I never used to like tomatoes. I think my dislike for them stems back to the day of my first hangover when I was a teen-ager. Two mischievous friends stopped by the house to check up on me and handed me a Bloody Mary. They suggested I drink it because it would make me feel better. I never got over the joke, nor the taste of that tomato juice mixture. To this day, I dislike Bloody Marys.
I learned to like tomatoes in the farm. My father-in-law loved his sliced tomatoes on toast. Sometimes, he would slice them and sprinkle sugar on top. I, myself, prefer having them on salad. I also love cooking with tomatoes. So far, I’ve used my tomatoes in chicken fritada, spaghetti, salsa and goulash. Next time I plan to use them in a new adobo recipe, sans the soy sauce. It is supposed to taste delicious, I’m told.
Someone reading this blog will quickly realize I am enjoying my garden immensely. I’ve wondered why myself. Perhaps it’s because in my garden I can actually see the fruits of my labor, almost immediately. The garden is also something I can manage with relative success, within the small confines of my yard, unlike all the problems of life that I have to face.
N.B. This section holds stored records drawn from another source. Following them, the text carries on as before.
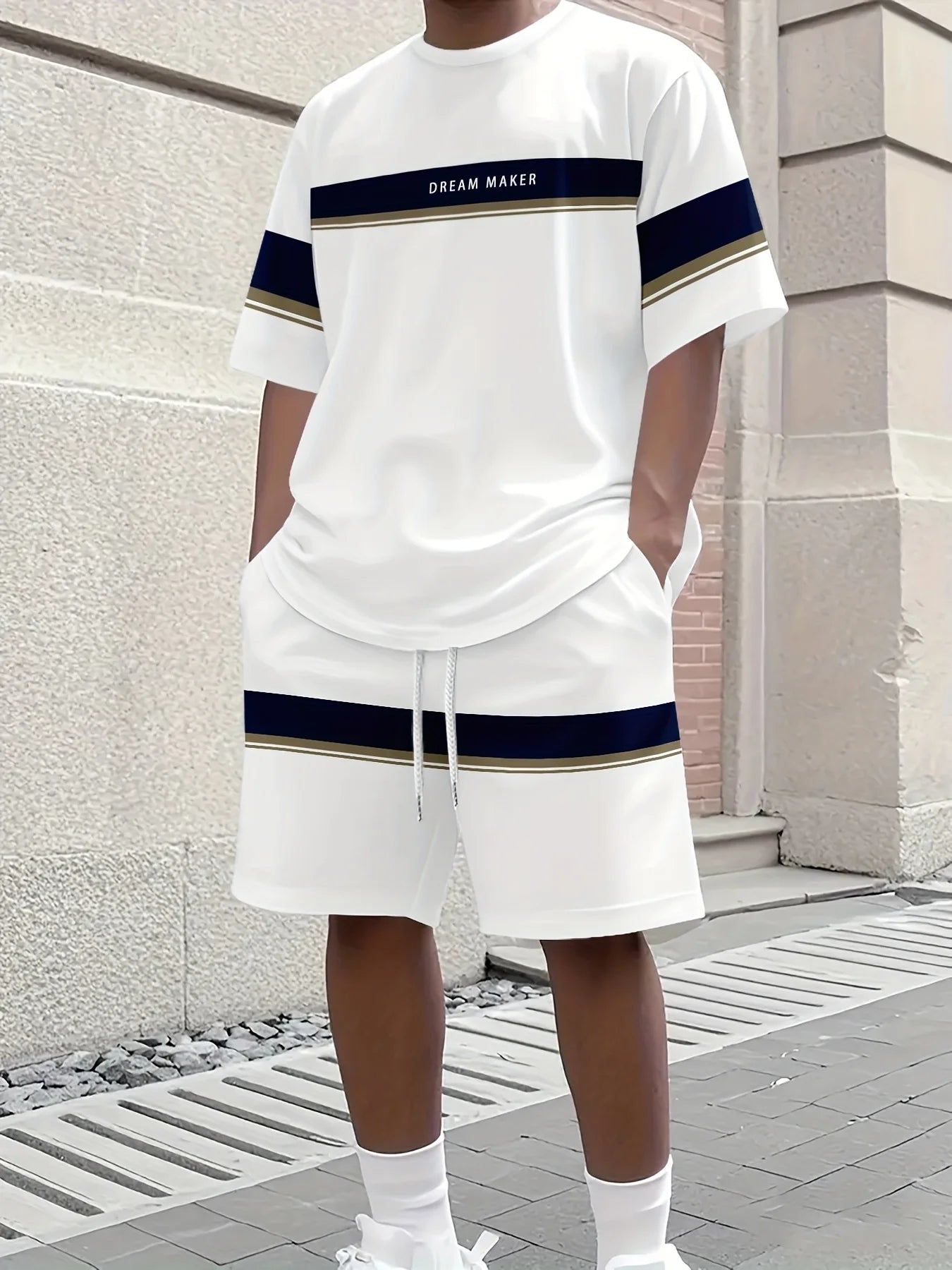 Summer Gradient Color Athletic T-Shirt and Shorts Set Stylish Men's Quick-Dry Athletic Short-Sleeve Top with Drawstring Shorts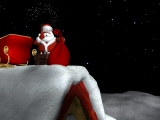 Kerstkaart: Santa Claus staat boven op het besneeuwde dak bij de schoorsteen naast de slee en heeft de zak met cadeaus in zijn hand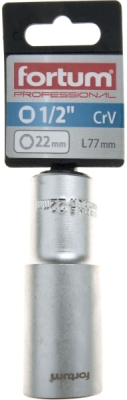 Hlavice nástrčná prodloužená 1/2", 22mm, L 77mm FORTUM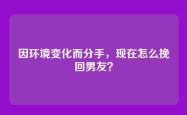 因环境变化而分手，现在怎么挽回男友？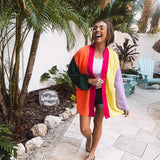 Neon Colorblock Front Button Cardigan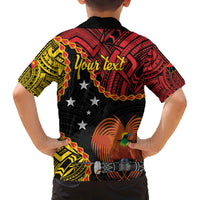 Personalised Papua New Guinea 49th Anniversary Family Matching Off The Shoulder Long Sleeve Dress and Hawaiian Shirt Hapi De bilong Indipendens Papua Niugini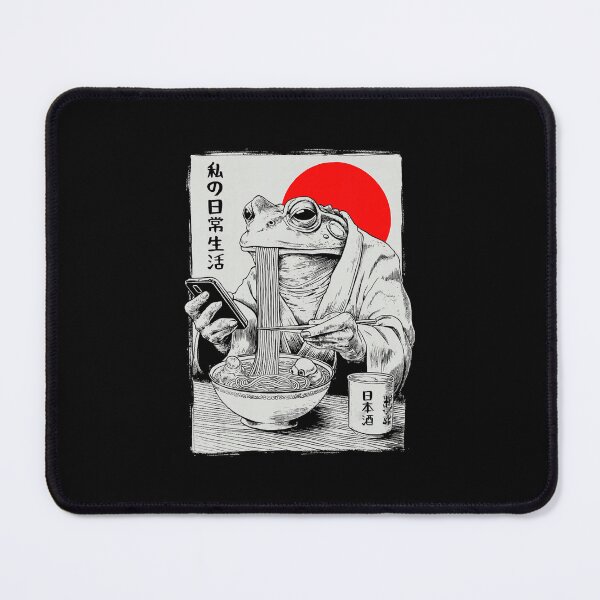 Item preview, Grumpy Frog Eating Ramen Funny Japanese Style Illustration designed and sold by titanlevi.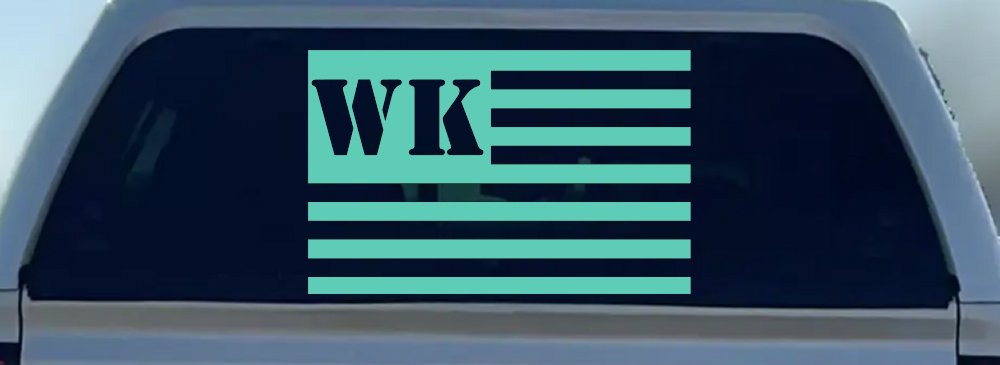 Jeep WK American USA Flag Right Off Road Car or Truck Window Decal Sticker (Mint)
These days I feel like I’ve been experiencing a meltdown, and the only thing that seems to console me and shelter me from the chaos of life is my garden. It’s become a safe haven. Watering my plants and picking the tomatoes, green peppers and zucchini (the beans and cucumbers were a disaster) seem to calm me – up until the time that darn blue bird dives down on my tomatoes and bites into one of them!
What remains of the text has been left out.